Guest Posting Freely vs. Hoarding Your Content
There are also those out there who are notably stingy with their blog content, not guest posting elsewhere for fear of diluting their own content on their blog. I’ll tread lightly around this one as I know it’s a delicate area. Plus it’s one that I only recently broke free from.
Blogging takes time. Guest posting elsewhere when you are trying to keep your own blog afloat can at first seem like a conflict of interest. However, if you clear the short-term hurdle of time, there are many benefits. For starters, you have potential exposure to a new audience that could lead to increased clicks back to your blog and connections on various social channels.
New content can also lead to new thinking about your blog and business. A recent guest post I did for my friend Heather Whaling actually led me to a treasure trove of new content for my blog and beyond by spurring me to think about a process in a new way. Was it extra writing? Yes but there was a big return on the investment.
To be clear, while I come down on the side of occasional guest posting to give your content wings and additional exposure, you can overdo. There are countless blogs out there that would love guest content. You have to research your options and chose wisely so that your guest posting time is well spent and your core blog remains a strong content hub.

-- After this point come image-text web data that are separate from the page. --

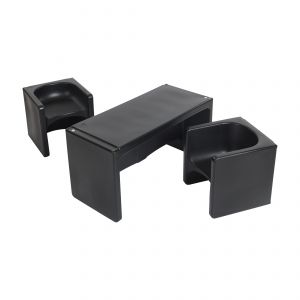 Tri-Me Multipurpose Table and Chairs 3-Piece Set - Black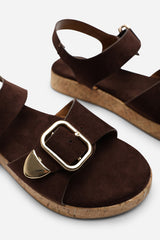 Iridia Double Buckle Dark Brown Suede Low Wedge Sandal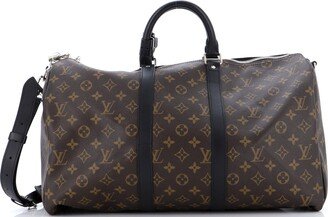 Keepall Bandouliere Bag Macassar Monogram Canvas 45-AA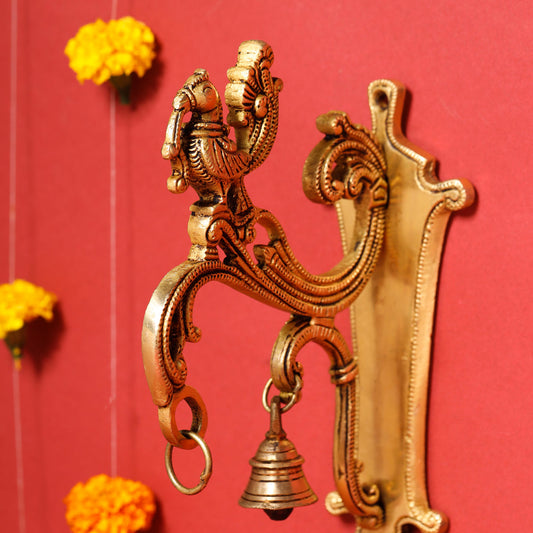 Brass Peacock Wall Mount Bracket With Bell (9 Inch)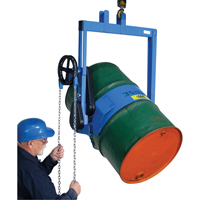 Leveurs de baril - Inclinaison &agrave; engrenages, Baril de 55 gal. US (45 gal. imp.), Capacit&eacute; 800 lb/363 kg Equipex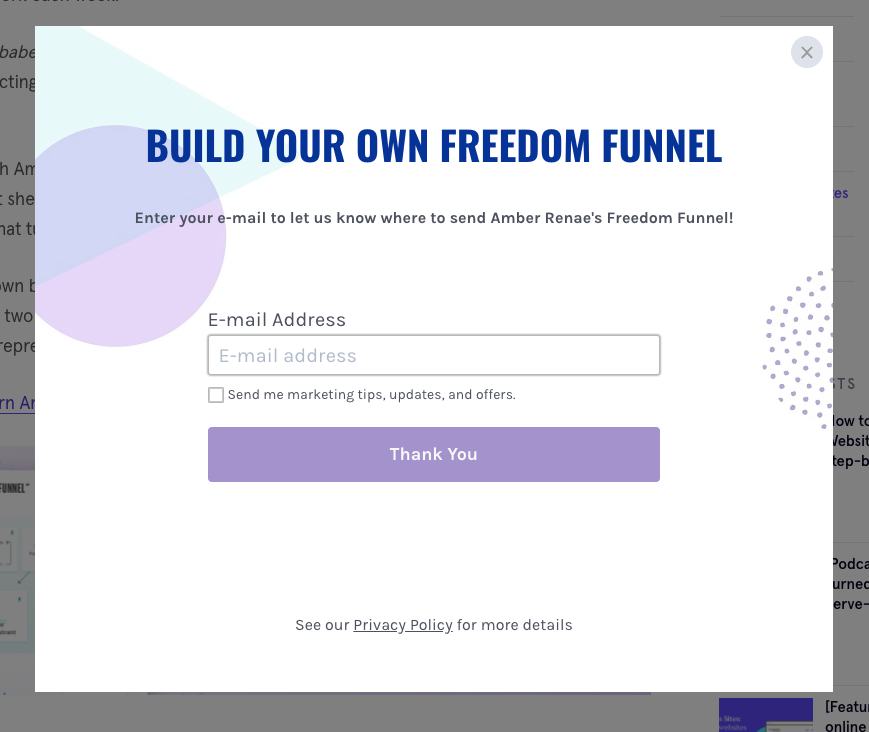 pop up asking user to fill in email address to receive freedom funnel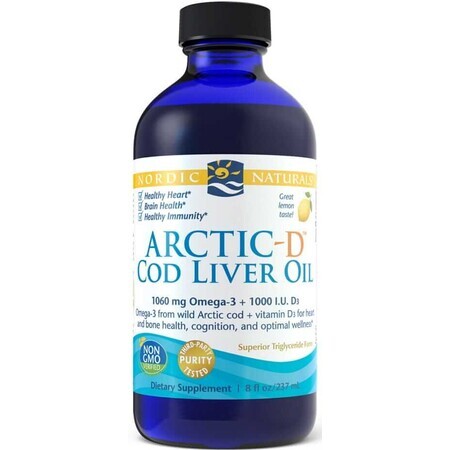 Arctic-D Levertraan Citroen Wilde levertraan 237 ml, Nordic Naturals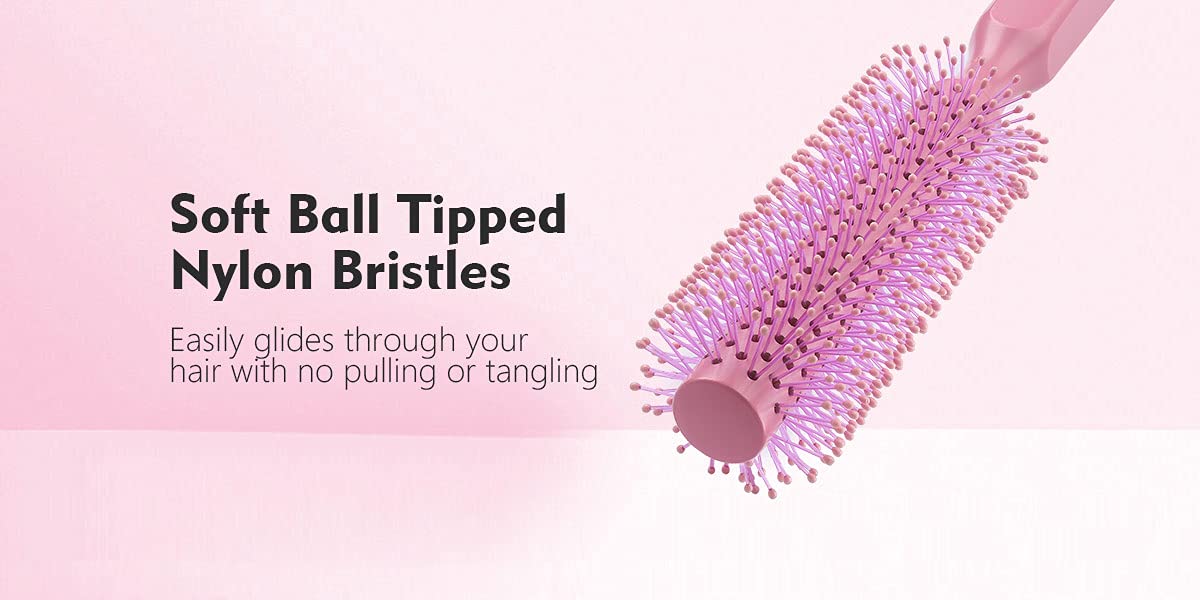 PERFEHAIR Small Round Roller Hair Brush for Women's Short Thin Hair Blow Drying with Soft Nylon Bristles-Wooden Handle, 1.5 Inch-Pink - Image 3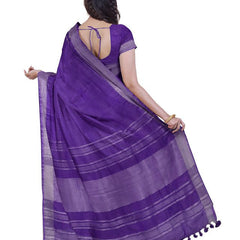 Brown & French Violet women's Bhagalpuri Handloom Cotton-Linen Blend Saree Combo (Pack Of 2) With Running Unstiched Blouse Piece - View 7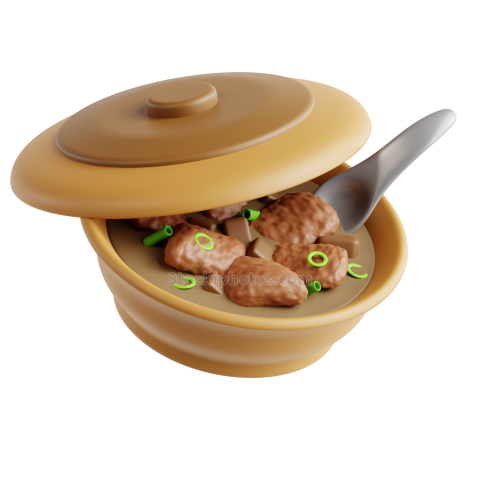 3D Asian Food Illustration Kut Teh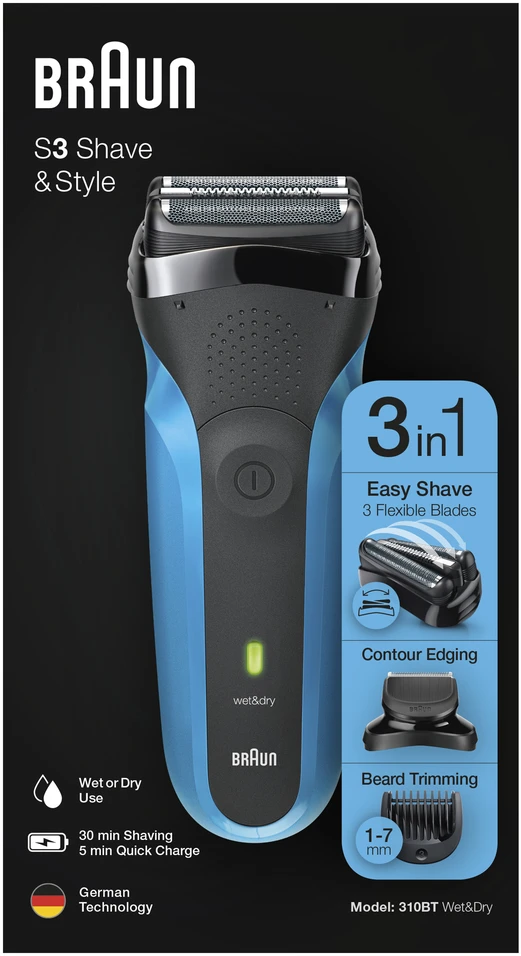 Barzdaskutė Braun 310BT WD, ni-mh, mėlyna/juoda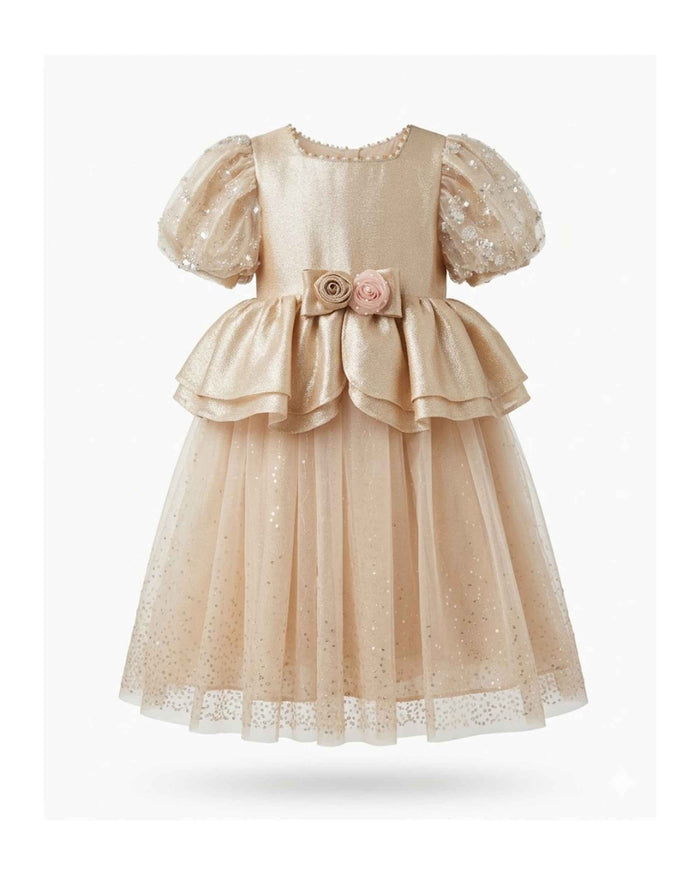 Girls' champagne peplum party dress with bow roses, puff sleeves, and tulle skirt
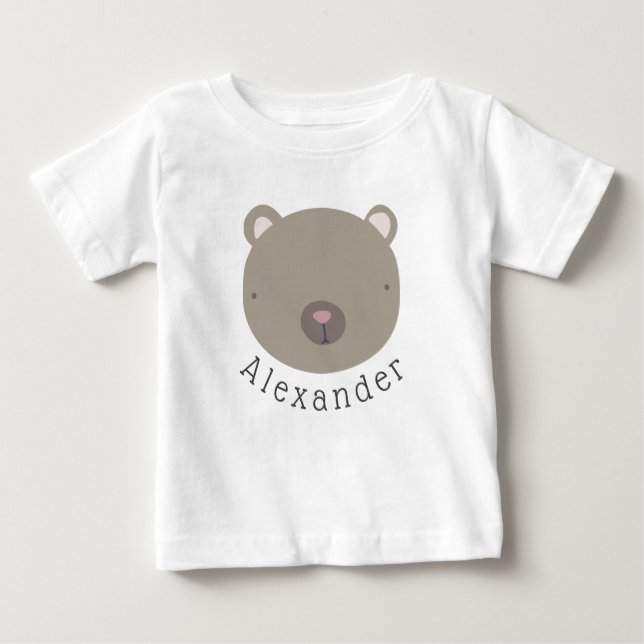 Customizable Name Cute Bear Baby T-Shirt (Front)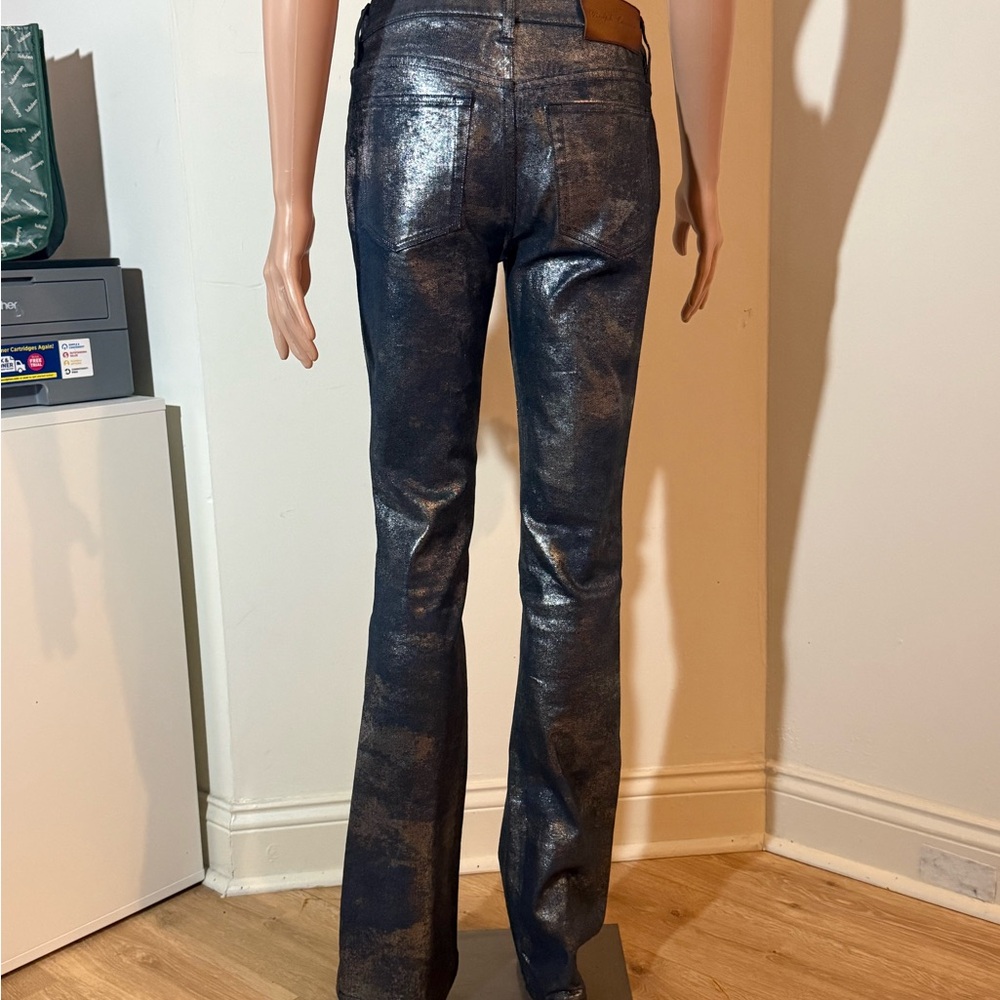 Ralph Lauren Purple Label Silver Metallic Coated Boot Cut Mid-Rise Jeans Size 26 - Picture 3 of 12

The Rant Concludes (Where’s the Tylenol?)
More than a rant on what grinds my gears, these thoughts are meant to spur your own thinking and blogging processes. While these are simply my own axioms, many overturn dangerous and dogmatic thoughts that can discourage people from becoming better bloggers and stronger online brands.
What blogging myths have you debunked? How have they set your content free and made you a better blogger?